▸ **Work item**: The lines from the start of the listing through the line containing "Buy 5050 2 Pin" should be printed exactly, and no other lines should be printed.

▸ **Listed entries**:
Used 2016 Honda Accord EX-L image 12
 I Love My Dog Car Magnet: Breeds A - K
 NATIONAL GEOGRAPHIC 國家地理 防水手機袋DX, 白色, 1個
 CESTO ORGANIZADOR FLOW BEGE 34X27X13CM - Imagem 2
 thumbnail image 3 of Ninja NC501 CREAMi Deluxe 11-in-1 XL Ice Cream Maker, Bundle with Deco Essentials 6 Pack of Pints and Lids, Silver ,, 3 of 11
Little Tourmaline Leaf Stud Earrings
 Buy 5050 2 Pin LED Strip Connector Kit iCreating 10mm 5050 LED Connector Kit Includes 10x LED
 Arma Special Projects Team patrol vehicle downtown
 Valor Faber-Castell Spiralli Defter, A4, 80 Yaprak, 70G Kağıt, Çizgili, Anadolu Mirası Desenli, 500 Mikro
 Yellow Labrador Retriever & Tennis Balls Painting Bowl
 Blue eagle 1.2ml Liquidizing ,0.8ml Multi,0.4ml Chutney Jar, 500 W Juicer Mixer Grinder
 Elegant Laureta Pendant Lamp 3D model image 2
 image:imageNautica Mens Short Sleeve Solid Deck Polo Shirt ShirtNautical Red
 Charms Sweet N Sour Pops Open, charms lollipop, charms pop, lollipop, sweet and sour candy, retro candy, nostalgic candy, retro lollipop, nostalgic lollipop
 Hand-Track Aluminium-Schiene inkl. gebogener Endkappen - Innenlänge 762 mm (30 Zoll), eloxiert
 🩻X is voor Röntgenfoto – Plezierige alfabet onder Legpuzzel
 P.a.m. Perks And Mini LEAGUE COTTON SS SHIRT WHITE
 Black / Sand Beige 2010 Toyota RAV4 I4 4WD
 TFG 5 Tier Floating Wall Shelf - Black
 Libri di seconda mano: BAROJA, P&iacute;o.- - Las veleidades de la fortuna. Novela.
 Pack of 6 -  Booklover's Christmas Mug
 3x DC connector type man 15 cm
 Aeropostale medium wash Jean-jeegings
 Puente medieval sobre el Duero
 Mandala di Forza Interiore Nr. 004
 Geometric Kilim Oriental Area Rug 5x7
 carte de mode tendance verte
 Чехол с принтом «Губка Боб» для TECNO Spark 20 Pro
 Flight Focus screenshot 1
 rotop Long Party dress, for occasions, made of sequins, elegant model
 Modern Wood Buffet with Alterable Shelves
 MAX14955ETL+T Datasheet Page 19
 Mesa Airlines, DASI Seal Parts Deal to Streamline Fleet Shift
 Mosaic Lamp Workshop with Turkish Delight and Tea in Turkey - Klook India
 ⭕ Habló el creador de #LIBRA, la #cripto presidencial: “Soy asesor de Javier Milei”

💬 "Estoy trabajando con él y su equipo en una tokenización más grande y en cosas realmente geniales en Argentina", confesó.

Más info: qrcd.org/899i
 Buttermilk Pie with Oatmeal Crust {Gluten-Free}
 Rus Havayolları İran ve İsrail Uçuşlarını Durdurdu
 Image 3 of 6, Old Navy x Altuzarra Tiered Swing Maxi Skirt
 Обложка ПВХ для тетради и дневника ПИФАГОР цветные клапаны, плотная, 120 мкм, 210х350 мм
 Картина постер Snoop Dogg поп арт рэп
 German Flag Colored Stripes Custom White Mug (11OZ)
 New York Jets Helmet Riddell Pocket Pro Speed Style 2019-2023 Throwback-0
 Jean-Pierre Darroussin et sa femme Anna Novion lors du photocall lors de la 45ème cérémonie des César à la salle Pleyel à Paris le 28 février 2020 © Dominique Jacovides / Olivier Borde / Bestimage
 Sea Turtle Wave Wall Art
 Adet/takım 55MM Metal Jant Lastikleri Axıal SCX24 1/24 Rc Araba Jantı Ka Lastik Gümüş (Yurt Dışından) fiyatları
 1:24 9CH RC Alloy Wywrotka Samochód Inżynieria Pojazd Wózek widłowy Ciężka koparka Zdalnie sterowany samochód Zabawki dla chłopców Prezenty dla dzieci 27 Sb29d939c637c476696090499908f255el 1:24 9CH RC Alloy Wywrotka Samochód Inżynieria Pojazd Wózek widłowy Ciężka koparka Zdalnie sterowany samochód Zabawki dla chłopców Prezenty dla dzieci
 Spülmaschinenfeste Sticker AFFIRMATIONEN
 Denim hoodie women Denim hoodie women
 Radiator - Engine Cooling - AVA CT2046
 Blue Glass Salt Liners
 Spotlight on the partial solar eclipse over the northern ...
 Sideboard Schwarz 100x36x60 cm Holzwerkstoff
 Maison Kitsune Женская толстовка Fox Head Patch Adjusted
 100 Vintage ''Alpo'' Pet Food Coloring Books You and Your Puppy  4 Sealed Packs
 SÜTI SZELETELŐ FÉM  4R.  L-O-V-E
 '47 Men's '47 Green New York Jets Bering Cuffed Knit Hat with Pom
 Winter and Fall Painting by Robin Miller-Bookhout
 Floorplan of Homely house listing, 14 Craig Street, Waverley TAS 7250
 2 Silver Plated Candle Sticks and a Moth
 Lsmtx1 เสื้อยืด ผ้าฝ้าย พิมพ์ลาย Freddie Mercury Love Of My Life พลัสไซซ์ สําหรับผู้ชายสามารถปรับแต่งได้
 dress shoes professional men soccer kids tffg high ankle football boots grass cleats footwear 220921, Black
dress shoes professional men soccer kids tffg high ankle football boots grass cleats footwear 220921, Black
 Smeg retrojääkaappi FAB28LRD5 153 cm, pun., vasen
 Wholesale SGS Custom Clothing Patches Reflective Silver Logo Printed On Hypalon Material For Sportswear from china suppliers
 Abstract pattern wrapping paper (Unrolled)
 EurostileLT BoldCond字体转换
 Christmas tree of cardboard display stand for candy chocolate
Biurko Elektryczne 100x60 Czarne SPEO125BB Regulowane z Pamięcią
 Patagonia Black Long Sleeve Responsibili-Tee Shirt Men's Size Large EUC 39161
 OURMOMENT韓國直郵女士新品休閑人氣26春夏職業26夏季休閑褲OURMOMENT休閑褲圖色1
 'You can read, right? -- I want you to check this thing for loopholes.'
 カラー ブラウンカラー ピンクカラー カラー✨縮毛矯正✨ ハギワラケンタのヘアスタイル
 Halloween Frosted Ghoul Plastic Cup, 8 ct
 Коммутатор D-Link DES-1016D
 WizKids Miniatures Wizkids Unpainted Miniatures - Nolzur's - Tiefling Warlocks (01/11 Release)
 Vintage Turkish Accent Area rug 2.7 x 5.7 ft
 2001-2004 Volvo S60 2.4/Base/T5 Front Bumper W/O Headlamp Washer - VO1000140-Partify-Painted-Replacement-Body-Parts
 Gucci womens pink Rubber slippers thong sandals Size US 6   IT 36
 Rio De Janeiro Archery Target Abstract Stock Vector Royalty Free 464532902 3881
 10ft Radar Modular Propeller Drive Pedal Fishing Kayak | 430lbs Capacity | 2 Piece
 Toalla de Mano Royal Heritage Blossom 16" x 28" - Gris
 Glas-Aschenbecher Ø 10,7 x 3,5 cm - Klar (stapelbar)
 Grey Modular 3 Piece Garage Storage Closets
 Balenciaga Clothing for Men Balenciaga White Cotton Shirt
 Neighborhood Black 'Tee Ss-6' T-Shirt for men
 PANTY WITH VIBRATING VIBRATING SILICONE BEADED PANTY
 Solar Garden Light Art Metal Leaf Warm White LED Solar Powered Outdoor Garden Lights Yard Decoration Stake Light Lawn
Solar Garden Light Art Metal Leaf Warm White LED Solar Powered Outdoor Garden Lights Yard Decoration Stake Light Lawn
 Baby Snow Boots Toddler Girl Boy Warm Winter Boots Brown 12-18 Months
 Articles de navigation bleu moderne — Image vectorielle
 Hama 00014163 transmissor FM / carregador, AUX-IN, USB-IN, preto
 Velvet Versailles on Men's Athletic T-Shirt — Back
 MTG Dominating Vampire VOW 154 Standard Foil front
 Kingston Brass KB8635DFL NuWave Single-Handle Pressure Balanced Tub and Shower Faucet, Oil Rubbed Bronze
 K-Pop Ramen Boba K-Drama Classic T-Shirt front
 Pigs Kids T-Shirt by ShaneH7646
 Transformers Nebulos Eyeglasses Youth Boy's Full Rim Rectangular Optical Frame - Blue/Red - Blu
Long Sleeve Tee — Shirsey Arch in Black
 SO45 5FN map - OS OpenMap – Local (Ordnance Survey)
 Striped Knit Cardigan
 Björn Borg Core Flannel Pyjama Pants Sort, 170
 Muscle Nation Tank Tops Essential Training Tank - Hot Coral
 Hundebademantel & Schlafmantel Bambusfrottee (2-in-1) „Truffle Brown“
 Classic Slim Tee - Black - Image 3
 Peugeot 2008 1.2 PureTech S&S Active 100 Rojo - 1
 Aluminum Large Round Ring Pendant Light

▸ **Written reply**:
Used 2016 Honda Accord EX-L image 12
 I Love My Dog Car Magnet: Breeds A - K
 NATIONAL GEOGRAPHIC 國家地理 防水手機袋DX, 白色, 1個
 CESTO ORGANIZADOR FLOW BEGE 34X27X13CM - Imagem 2
 thumbnail image 3 of Ninja NC501 CREAMi Deluxe 11-in-1 XL Ice Cream Maker, Bundle with Deco Essentials 6 Pack of Pints and Lids, Silver ,, 3 of 11
Little Tourmaline Leaf Stud Earrings
 Buy 5050 2 Pin LED Strip Connector Kit iCreating 10mm 5050 LED Connector Kit Includes 10x LED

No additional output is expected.